Generators are too big #52924

cramertj · 2018-07-31T22:21:40Z

Currently, generators won't ever reuse storage slots, causing them to take up more space than is necessary:

#![feature(generators)]

fn main() {
    let a = || { 
        {
            let x: i32 = 5;
            yield;
            println!("{:?}", x);
        }
        {
            let x: i32 = 5;
            yield;
            println!("{:?}", x);
        }
    };
    println!("{}", std::mem::size_of_val(&a)); // prints "12", could print "8" (4 for state, 4 for `x`)
}

Finding optimal solutions seems like a difficult packing problem, but it should be easy to do quite a bit better.

Also see the example case in #59087.

RalfJung · 2018-11-20T19:01:10Z

I am wondering if thinking of this as "slots of a struct" is the right model anyway. The content of the generator type (aside from the state flag) is basically the call frame for this generator, so shouldn't this be treated much more like the stack? There probably shouldn't even be types, just a large enough opaque "blob of bytes" that can be used for generator execution. If you think of this in terms of fields, you are not going to be able to reuse the space of two i16 for an i32 later, but there is no reason you shouldn't do that -- just like in { let a = 0i16; let b = 1i16; /* ... */ } let c = 2i32;, c can reuse the space that was previously occupied by a and b.

cramertj · 2018-11-20T19:33:15Z

Yes, it's just a stack of bytes.
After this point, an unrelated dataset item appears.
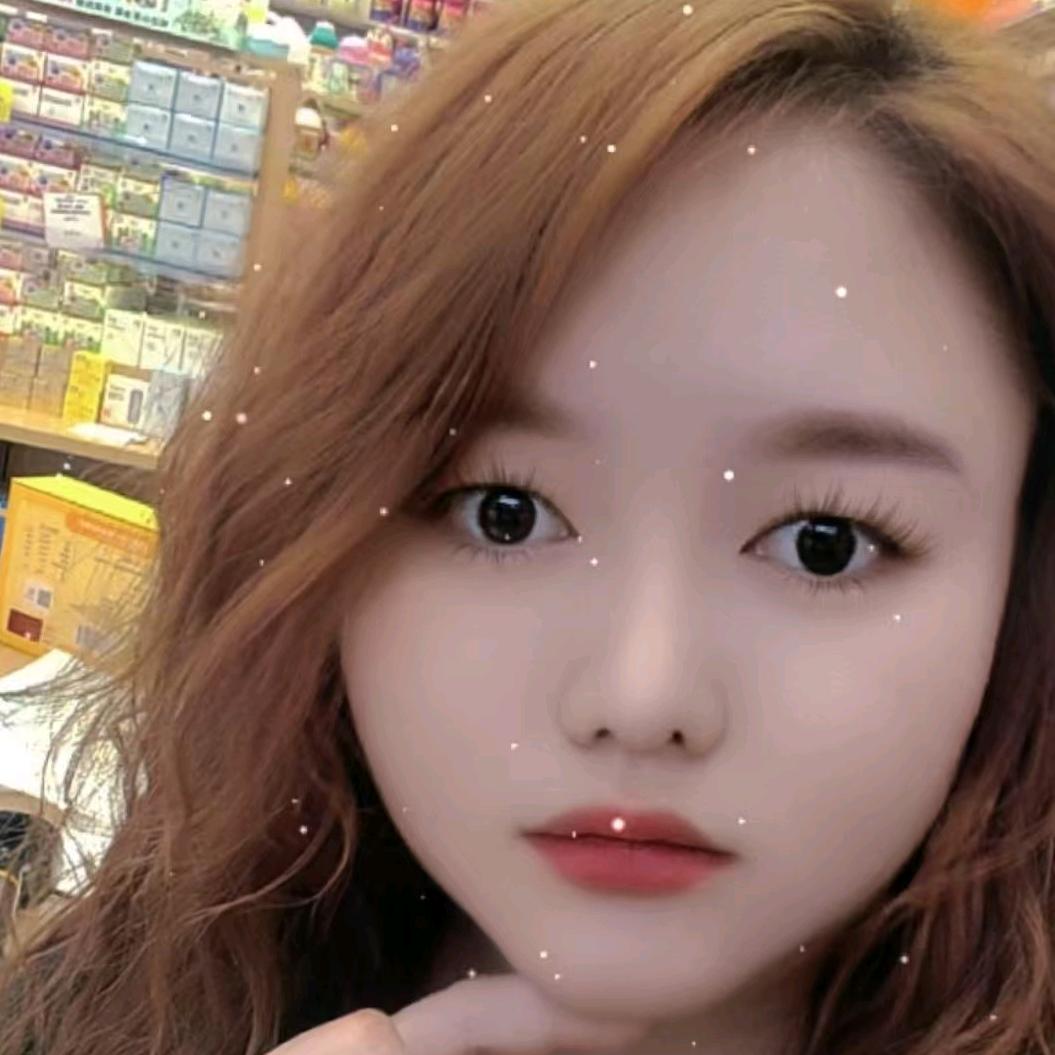 昂橙母婴会理专属福利官💫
This optimization was referring to the possibility to overlap some of the bytes to hold data that is currently stored in separate "slots of a struct".
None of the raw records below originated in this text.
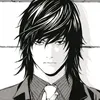 yuto_jinw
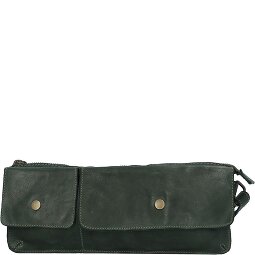 Harold's Cintura in pelle 31 cm  Variante 2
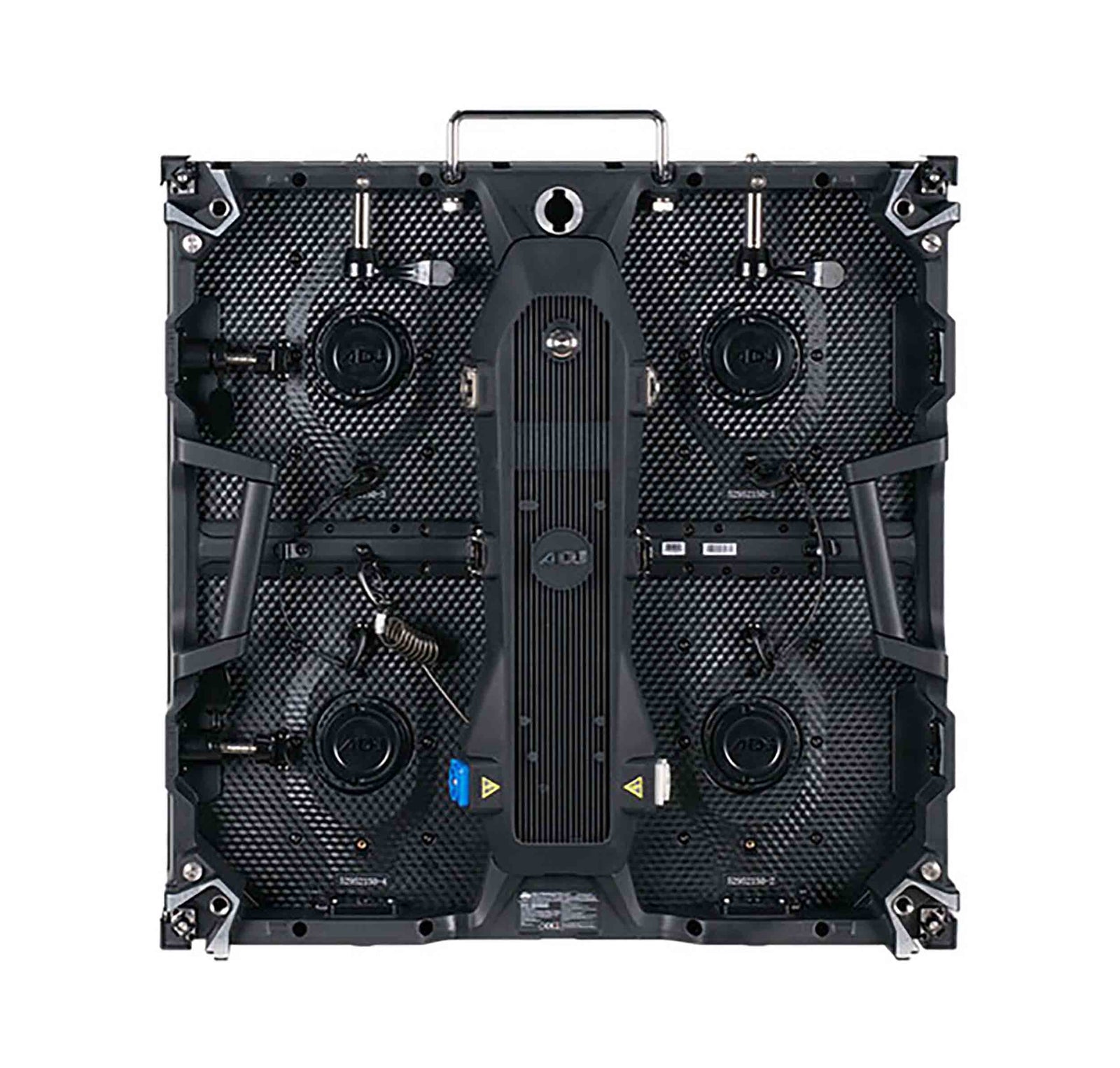 ADJ VS2 7X4, Video Panel System by ADJ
withoutboats · 2018-11-20T20:22:09Z

My intuition about generator layout is that it would be:

A discriminant large enough to hold a value for each yield point.
The maximum number of bytes needed to hold the live stack variables at any yield points.
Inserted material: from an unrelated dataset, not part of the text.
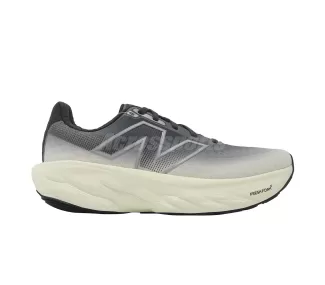New Balance 1080 V14 - Chaussures de Course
I expect that this is complicated by alignment and wanting to avoid moving values around inside of the generator as it iterates through states, but clearly we should be doing better than we are if the size is currently the sum of all yield point sizes instead of the max. If benchmarks are bad enough this may be a pre-stabilization priority. :-\

cramertj · 2018-11-20T20:55:18Z

It's the sum of all variables that are alive across a yield point (one slot for every variable, not one slot for every yield point). We can do better by tracking which variables are live across non-intersecting sets of yield points and using the same space to store both.

nikomatsakis · 2019-03-05T18:12:37Z

Marking as blocking for async/await stabilization. This may be too strong, but this issue certainly prevents us from having the performant sort of futures that we want.

@cramertj had advocated for a simple strategy, vaguely described here, and covered in some detail in the video

nikomatsakis · 2019-03-05T18:22:06Z

Created a topic on Zulip which contains some notes on this

cramertj · 2019-03-05T22:20:28Z

I think @tmandry is intending to work on this, so tentatively assigning-- feel free to let me know if I should unassign.

tmandry · 2019-03-11T23:10:15Z

#59087 was merged into this, but I'm not sure it would be fixed by the optimization we were discussing here. Taking this (simplified) segment:

    let composed_2 = async {
        let inner = i_am_1kb();
        println!("");
        await!(inner);
    };

Here, removing the println!(""); statement does not change which variables are live across a yield point, but it does cut down the size of composed_2 by half. So it seems something else is going on here. Am I missing something?

petrochenkov · 2019-05-14T21:54:05Z

I haven't followed the Rust async story closely, but I recently encountered this paper in the most recent C++ committee mailing.
"Coroutines: Language and Implementation Impact" (compares several implementation strategies for stackless coroutines aka #![feature(generators)]).

Apparently the size issue was considered a deal-breaker for adopting the same strategy that's implemented in Rust, and the type-erased version was chosen instead.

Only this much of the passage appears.